In March, it sent an ambitious proposal to Washington seeking the full normalization of relations between the US and Russia across all military, diplomatic, and intelligence channels. After the US rejected the offer, Russia proposed a noninterference agreement with the US in July, but the US again turned down the proposal, prompting a series of angry statements from Russian Foreign Ministry spokeswoman Maria Zakharova.

“We take the rejection of our proposals as evidence that the allegations of Russian meddling in US elections were far-fetched,” Zakharova said in late December.

Nauert, the State Department spokeswoman, said US officials enter into discussions with Russians in 2018 with a clear focus in mind: “We have been very clear that we would welcome a better relationship with a Russia, but to get there we need to see some changes — namely, a Russia that is a constructive neighbor and partner of the transatlantic community, that respects Ukraine’s sovereignty, does not try to undermine our allies and partners, and engages constructively to resolve the major global challenges we face.”

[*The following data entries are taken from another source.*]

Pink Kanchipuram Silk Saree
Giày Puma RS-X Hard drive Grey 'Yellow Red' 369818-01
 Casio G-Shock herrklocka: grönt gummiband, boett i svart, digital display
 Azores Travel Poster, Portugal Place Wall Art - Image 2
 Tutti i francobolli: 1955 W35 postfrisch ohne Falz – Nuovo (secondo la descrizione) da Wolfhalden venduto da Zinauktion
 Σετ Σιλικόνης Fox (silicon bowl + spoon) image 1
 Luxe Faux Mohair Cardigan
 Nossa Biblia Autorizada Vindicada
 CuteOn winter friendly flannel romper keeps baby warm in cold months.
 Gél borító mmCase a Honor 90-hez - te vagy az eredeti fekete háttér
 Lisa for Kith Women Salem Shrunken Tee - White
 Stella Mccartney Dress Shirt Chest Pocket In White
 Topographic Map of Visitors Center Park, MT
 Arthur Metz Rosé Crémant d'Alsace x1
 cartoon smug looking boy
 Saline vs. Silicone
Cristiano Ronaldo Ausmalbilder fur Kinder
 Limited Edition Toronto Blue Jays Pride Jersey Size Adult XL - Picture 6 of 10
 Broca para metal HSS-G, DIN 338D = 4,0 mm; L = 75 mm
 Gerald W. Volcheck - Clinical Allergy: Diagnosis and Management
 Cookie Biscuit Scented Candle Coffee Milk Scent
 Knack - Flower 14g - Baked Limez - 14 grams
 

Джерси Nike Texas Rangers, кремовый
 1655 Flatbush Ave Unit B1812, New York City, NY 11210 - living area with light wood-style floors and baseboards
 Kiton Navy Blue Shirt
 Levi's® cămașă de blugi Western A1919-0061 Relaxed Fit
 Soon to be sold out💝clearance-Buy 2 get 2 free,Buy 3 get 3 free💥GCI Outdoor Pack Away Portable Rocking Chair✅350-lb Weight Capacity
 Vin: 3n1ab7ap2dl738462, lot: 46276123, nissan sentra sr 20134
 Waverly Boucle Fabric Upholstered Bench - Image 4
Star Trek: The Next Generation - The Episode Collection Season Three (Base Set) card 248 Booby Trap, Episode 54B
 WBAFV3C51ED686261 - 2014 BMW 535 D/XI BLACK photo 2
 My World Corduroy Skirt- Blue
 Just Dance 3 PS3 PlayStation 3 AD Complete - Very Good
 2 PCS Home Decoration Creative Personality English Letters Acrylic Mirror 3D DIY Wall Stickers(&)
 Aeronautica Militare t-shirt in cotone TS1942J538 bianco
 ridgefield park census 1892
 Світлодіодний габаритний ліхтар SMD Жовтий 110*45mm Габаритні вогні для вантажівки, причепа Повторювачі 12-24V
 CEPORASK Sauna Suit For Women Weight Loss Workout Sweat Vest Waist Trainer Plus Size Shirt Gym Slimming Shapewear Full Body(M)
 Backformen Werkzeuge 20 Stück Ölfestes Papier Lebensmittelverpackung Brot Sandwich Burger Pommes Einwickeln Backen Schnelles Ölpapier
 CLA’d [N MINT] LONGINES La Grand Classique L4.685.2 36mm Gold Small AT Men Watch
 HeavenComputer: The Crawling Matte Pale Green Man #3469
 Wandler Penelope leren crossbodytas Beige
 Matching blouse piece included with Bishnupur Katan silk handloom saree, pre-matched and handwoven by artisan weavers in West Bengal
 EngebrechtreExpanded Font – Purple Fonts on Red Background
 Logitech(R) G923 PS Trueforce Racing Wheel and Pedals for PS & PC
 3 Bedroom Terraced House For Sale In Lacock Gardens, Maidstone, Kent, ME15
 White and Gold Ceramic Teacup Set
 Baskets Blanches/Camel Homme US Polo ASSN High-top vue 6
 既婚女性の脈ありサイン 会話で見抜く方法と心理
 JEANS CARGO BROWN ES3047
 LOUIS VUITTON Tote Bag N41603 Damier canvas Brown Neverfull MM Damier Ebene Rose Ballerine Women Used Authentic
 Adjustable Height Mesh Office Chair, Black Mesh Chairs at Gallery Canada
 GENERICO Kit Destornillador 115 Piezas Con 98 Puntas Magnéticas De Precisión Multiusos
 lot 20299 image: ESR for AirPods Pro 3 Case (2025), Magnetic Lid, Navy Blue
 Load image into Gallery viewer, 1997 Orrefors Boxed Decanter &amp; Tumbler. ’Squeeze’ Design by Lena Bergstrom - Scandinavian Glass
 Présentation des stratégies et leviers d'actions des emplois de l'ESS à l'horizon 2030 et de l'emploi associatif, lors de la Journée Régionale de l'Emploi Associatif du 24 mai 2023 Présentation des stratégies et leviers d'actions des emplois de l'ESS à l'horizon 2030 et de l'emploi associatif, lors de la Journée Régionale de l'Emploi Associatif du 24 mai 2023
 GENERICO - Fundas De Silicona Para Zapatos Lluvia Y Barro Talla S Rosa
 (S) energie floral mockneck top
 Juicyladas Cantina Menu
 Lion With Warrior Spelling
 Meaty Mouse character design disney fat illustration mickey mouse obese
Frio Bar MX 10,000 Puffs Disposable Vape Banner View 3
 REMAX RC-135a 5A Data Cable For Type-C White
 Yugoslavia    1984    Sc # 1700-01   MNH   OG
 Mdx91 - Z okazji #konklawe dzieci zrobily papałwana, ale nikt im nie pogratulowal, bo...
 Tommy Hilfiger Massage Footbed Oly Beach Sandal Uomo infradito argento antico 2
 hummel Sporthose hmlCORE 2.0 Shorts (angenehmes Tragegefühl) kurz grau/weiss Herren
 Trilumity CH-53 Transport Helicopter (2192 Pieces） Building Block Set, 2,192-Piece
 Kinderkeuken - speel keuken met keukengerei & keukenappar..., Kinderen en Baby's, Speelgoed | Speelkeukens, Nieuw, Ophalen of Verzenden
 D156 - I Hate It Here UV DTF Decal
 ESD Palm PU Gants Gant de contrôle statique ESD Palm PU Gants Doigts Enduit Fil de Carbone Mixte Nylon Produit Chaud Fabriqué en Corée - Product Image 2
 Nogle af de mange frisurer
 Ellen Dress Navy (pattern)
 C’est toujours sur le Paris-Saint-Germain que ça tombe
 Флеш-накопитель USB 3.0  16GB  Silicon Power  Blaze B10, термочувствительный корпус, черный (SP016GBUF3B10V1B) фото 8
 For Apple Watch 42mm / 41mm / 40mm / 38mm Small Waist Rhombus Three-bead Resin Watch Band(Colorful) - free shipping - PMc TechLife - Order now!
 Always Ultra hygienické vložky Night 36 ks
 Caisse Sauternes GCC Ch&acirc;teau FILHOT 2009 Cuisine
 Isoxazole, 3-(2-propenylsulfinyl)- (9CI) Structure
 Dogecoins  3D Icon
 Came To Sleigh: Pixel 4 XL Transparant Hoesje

Retired Navy Adm. James Stavridis, the last supreme allied commander to meet with his Russian counterpart, Gen. Nikolai Makarov, about five years ago, said such engagement is valuable.

“While we did not agree on everything, we were able to advance cooperation in counter-piracy, counter-terrorism, and counter-narcotics,” Stavridis, now the dean of the Fletcher School of Law and Diplomacy at Tufts University, told BuzzFeed. “There is no downside beyond the need to manage expectations given the high level of tension between NATO and Russia at the moment.”